Many enterprises still struggle to keep passwords under control, even with single-sign-on technology. Innovation means new services, and each new service tends to come with its own password. Even though most of those web services are likely to be SaaS, enforcing strict password policy over all these third-party services can be difficult.
Enter a new approach: federated identity. Instead of each service having its own password database, they can rely on an identity provider to run authentication for them. Many web services now support public identity providers. So, why aren’t we all using them today?
First, cost. Public identity providers need to make money. Large organisations can run their own identity provider instead, if this makes business sense. It is the same technology underneath.
Second, trust. Organisations may feel uncomfortable with relying on a third-party service for authentication. It’s not just a question of security; identity providers need to be highly resilient – you can’t let a failure deny all access to your systems. Again, this can be a reason to run your own identity provider.
Third, the protocols and standards are still evolving. Even though security assertion mark-up language (SAML) has been around for more than a decade, the auxiliary protocols such as OAuth are still being standardized. Meanwhile, cryptography continues to advance. These protocols need reworking to include more secure algorithms. This means that you can’t just assume that everything will work together – although interoperability is improving all the time.

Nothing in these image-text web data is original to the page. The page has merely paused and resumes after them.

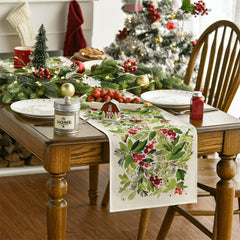 Lofaris Watercolor Green Leaves Cherry Christmas Table Runner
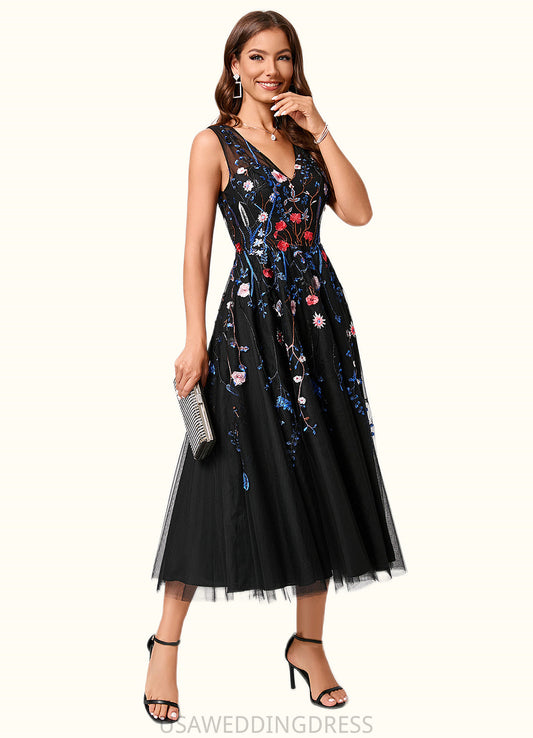Kitty A-line V-Neck Tea-Length Lace Tulle Cocktail Dress With Appliques Lace DSP0022260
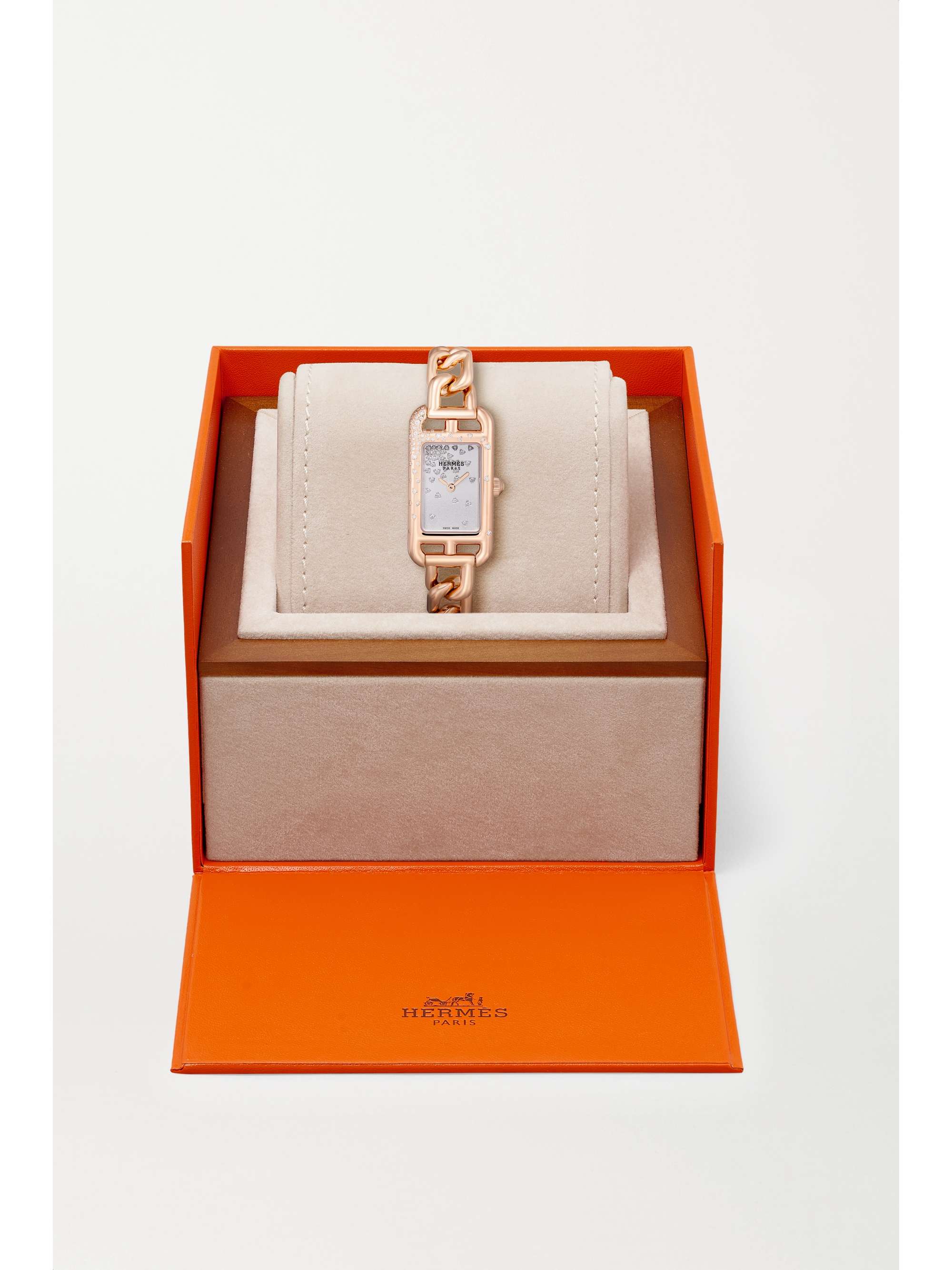 HERMÈS TIMEPIECES Montre en or rose 18 carats (750/1000) et diamants Nantucket Small, 29 mm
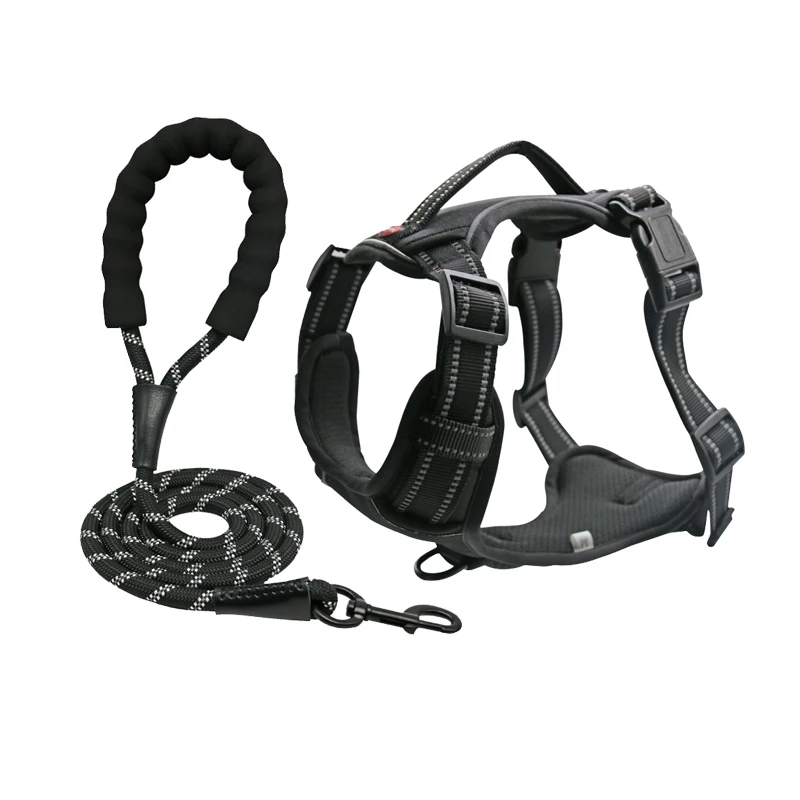 Strong Hemp Oxford Therapy Dog Collar Harness Leash for Small Medium Large Pets XL Size with Breakaway Feature by Pet Cane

The fourth issue is more fundamental. You don’t want to have to manage two separate worlds for authentication: one with federated identity, and the other with existing enterprise logon. That would lead to a poor user experience, and gaps in accountability and auditing – a particular concern if some of your users are partners or contractors. To link these two worlds, you need federation-fluent gateways and services, like Citrix NetScaler Unified Gateway and XenApp/XenDesktop Federated Authentication Services.
One last point: everyone knows why passwords aren’t a good way to authenticate – people reuse them and they can be stolen. A future password replacement such as fingerprint authentication has to rely technically on some form of federated authentication. A world in which passwords disappear is the same world of federated authentication—a better world all round.